Des créations ancrées en profondeur dans leurs environnements
Chacun de leur projet commence avec un voyage, fruit de leurs volontés conjuguées de saisir puis retranscrire l’essence de l’endroit où ils seront amenés à travailler. « Nous ne voulons pas faire ce que nous faisons lorsque nous sommes en terrain connu pour simplement le transposer ailleurs » déclarent les trois lauréats du prix Pritzker. Rafael Aranda, Carme Pigem et Ramon Vilalta ont fondé le cabinet RCR Arquitectes en 1988 à Olot, en Catalogne, où ils travaillent ensemble depuis près de trente ans. Fort d’une cinquantaine de réalisations, le trio a conçu une grande variété d’espaces que l’on retrouve aujourd’hui en Espagne, en Belgique, en France et aux Émirats Arabes Unis. Les membres du jury affirment avoir été séduits par « l’ancrage fort » de l’ensemble des œuvres du collectif dans les lieux qui les accueillent. « Nous vivons dans un monde globalisé où nous devons nous appuyer sur des influences internationales, les échanges commerciaux... De plus en plus de gens craignent qu’à cause de ces influences nous perdions nos valeurs locales, notre art local, nos coutumes » déclarent-ils. « Rafael Aranda, Carme Pigem et Ramon Vilalta nous disent qu'il est possible d'avoir les deux ».
La réussite architecturale du Musée Soulages
On retrouve toutes les qualités de cette architecture « émotionnelle et expérimentale » dans les réalisations françaises de RCR Arquitectes. Le cabinet a notamment conçu le Centre d’art la Cuisine, à Nègrepelisse et le Musée Soulages de Rodez, en association avec Passelac & Roques. Placé sur le flanc nord du jardin de Foirail – où Soulages jouait enfant – le Musée est considéré, depuis son ouverture au public en 2014, comme une réussite architecturale et culturelle. Benoît Decron, son directeur, est heureux de voir l’agence RCR arquitectes - « [choisie] entre 98 architectes et cabinets d'architectes, dont Jean Nouvel, Paul Andreu, Kengo Kuma, Dominique Perrault, Marc Barani » - consacrée par le prix Pritzer, considéré comme le prix Nobel d’architecture. « Ils ont travaillé dans un esprit très proche de Soulages, notamment en privilégiant les passages ombres et lumières, en reprenant avec l’acier Corten l’idée, la couleur et la matière du brou de noix cher au peintre », déclare-t-il dans une interview donnée au Figaro.
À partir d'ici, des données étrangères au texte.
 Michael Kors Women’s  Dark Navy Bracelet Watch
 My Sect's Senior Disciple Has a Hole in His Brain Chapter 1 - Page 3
Le jury n’a, de son côté, pas manqué de saluer « la symbiose » existant entre le musée et l’artiste « qui semble peindre avec la lumière ». « Ce bâtiment en acier aux formes géométriques puissantes, en porte-à-faux par rapport au site, donne l’impression de défier toute gravité et entretient, comme beaucoup de leurs œuvres, un dialogue avec le paysage environnant ».
Renouveler notre regard sur l’architecture
En dévoilant, en octobre 2015, une « stratégie nationale pour l’architecture », la ministre de la Culture et de la Communication réaffirmait « la valeur ajoutée de l’architecture pour la société et celle de la profession d’architecte dans l’économie de la construction et de la création, en France et sur le plan international ». La remise du prix Pritzker aux concepteurs du musée Soulages tend à prouver que le renouvellement attendu du regard porté sur l’architecture passe aussi bien par le rayonnement des architectes français à l’international que par celui des architectes internationaux en France.